→ **What this task involves**:
Each line of the data below between the one containing "Ed Mirvish Theatre section Orchestra R" and the one containing "Andy Allo - Superconductor album", both included, is to be repeated exactly. Please omit pictures.

→ **Listed entries**:
•••

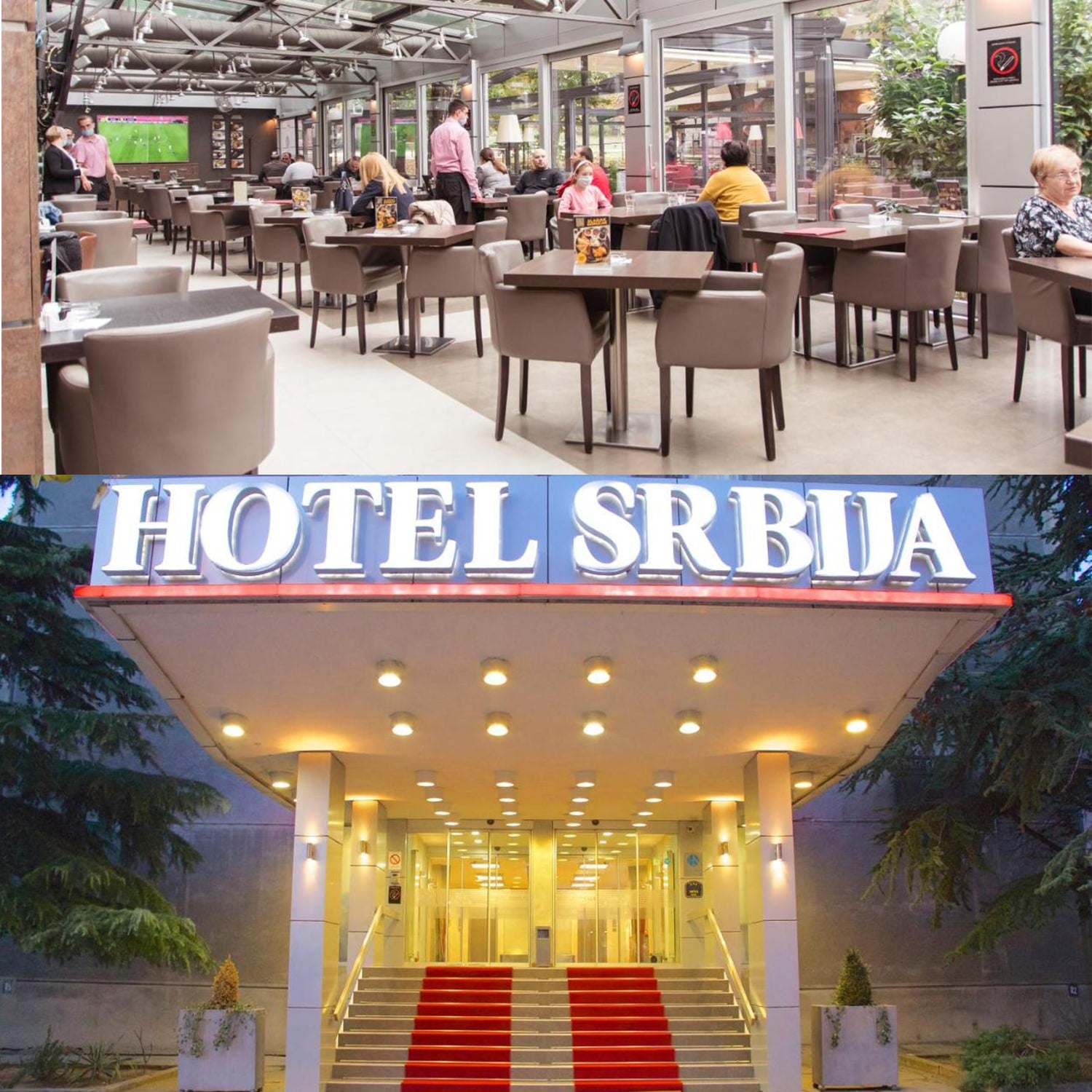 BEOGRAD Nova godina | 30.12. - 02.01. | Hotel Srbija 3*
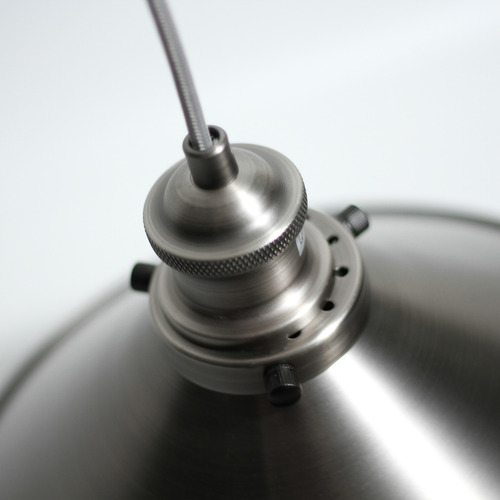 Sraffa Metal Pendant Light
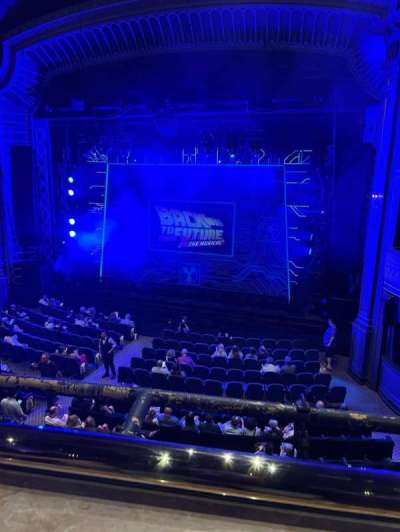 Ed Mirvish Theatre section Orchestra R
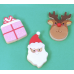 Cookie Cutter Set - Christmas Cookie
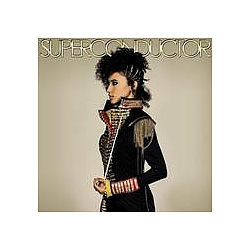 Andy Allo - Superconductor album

•••

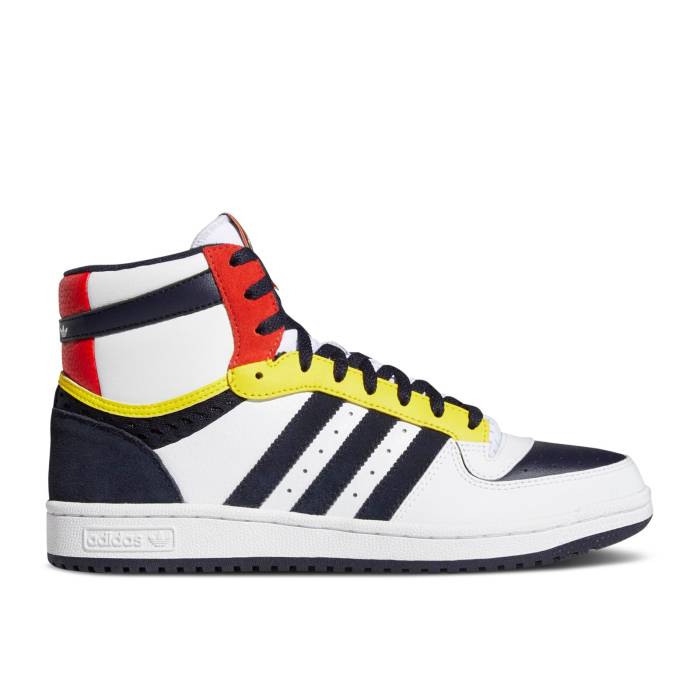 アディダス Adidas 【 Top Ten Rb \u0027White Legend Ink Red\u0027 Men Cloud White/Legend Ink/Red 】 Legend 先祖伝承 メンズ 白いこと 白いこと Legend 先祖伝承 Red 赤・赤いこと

•••

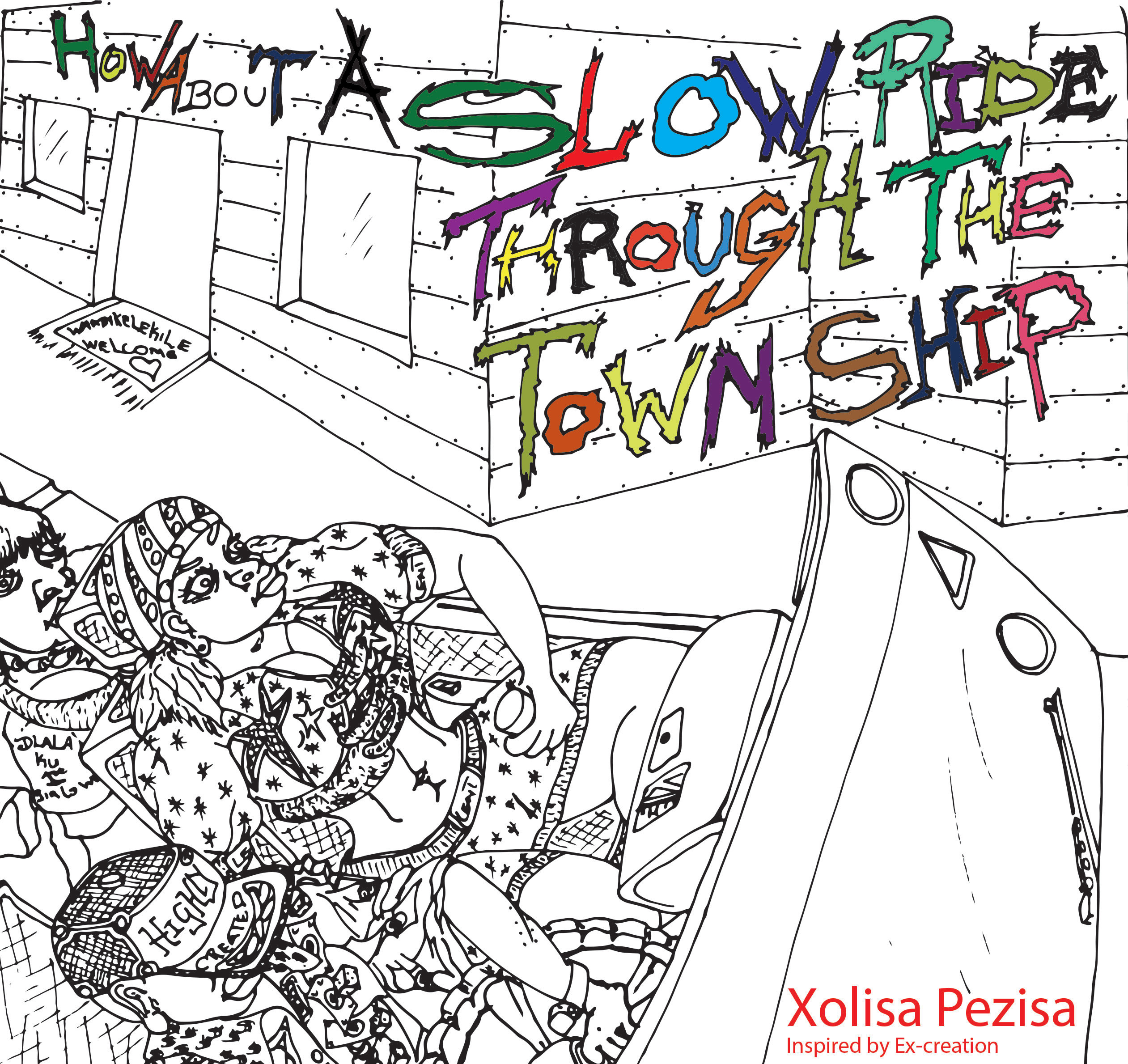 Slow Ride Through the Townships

•••

→ **Exercise response**:
 Ed Mirvish Theatre section Orchestra R
 Cookie Cutter Set - Christmas Cookie
 Andy Allo - Superconductor album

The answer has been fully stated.